Input data:
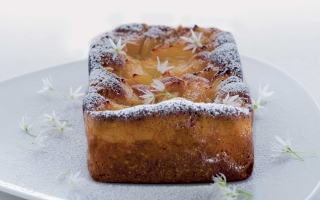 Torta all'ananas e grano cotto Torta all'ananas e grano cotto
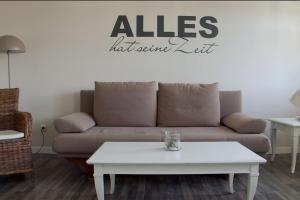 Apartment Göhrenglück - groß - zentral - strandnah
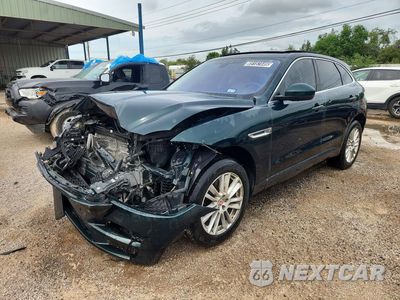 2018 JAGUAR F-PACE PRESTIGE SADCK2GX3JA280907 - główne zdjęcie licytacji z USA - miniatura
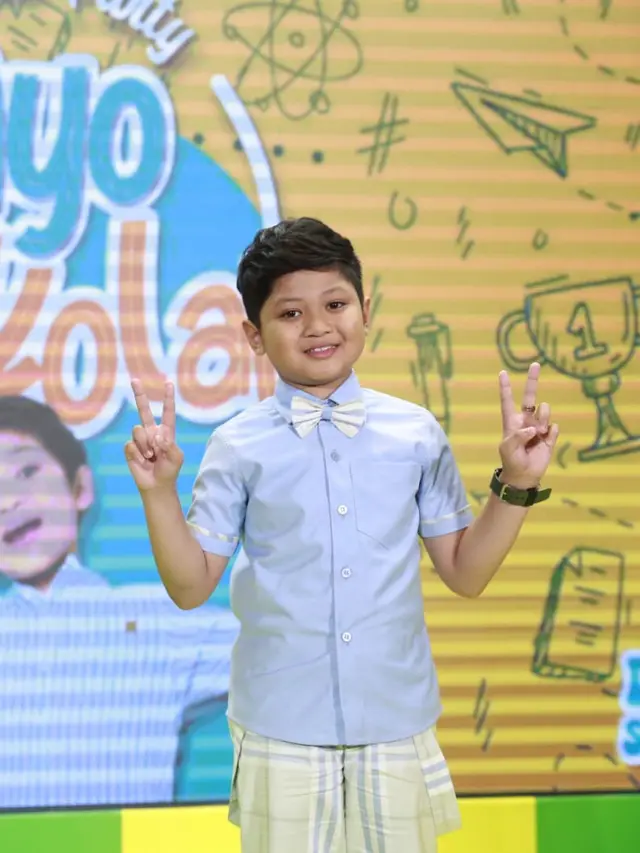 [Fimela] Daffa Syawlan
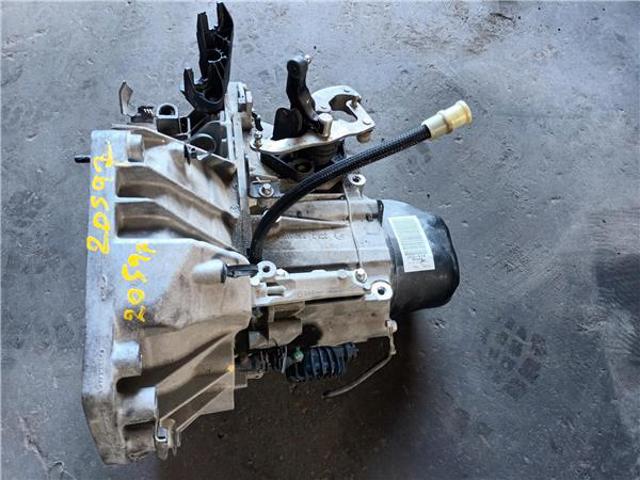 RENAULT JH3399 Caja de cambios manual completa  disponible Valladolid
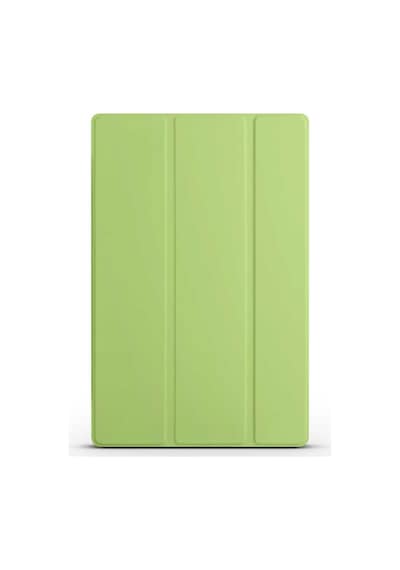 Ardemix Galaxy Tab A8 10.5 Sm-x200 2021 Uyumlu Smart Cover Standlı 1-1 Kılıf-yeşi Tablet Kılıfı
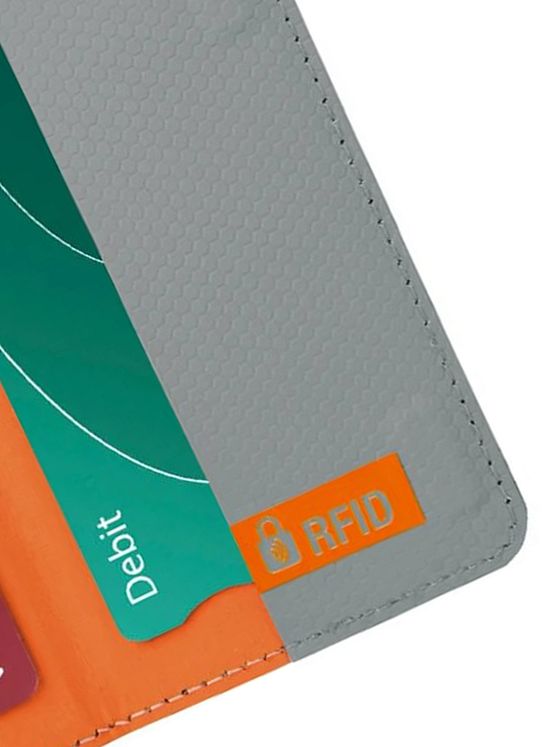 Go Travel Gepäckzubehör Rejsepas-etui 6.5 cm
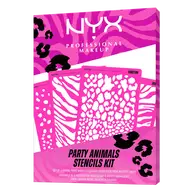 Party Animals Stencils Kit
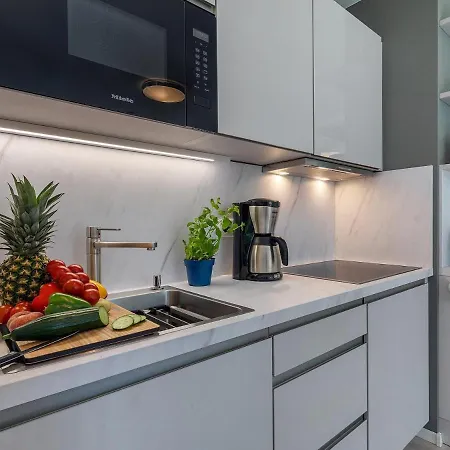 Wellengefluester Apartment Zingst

The problem: Replicate the material above verbatim; images stay out of the copy.

Solution:
 Torta all'ananas e grano cotto Torta all'ananas e grano cotto
 Apartment Göhrenglück - groß - zentral - strandnah
 2018 JAGUAR F-PACE PRESTIGE SADCK2GX3JA280907 - główne zdjęcie licytacji z USA - miniatura
 [Fimela] Daffa Syawlan
 RENAULT JH3399 Caja de cambios manual completa  disponible Valladolid
 Ardemix Galaxy Tab A8 10.5 Sm-x200 2021 Uyumlu Smart Cover Standlı 1-1 Kılıf-yeşi Tablet Kılıfı
 Go Travel Gepäckzubehör Rejsepas-etui 6.5 cm
 Party Animals Stencils Kit
 Wellengefluester Apartment Zingst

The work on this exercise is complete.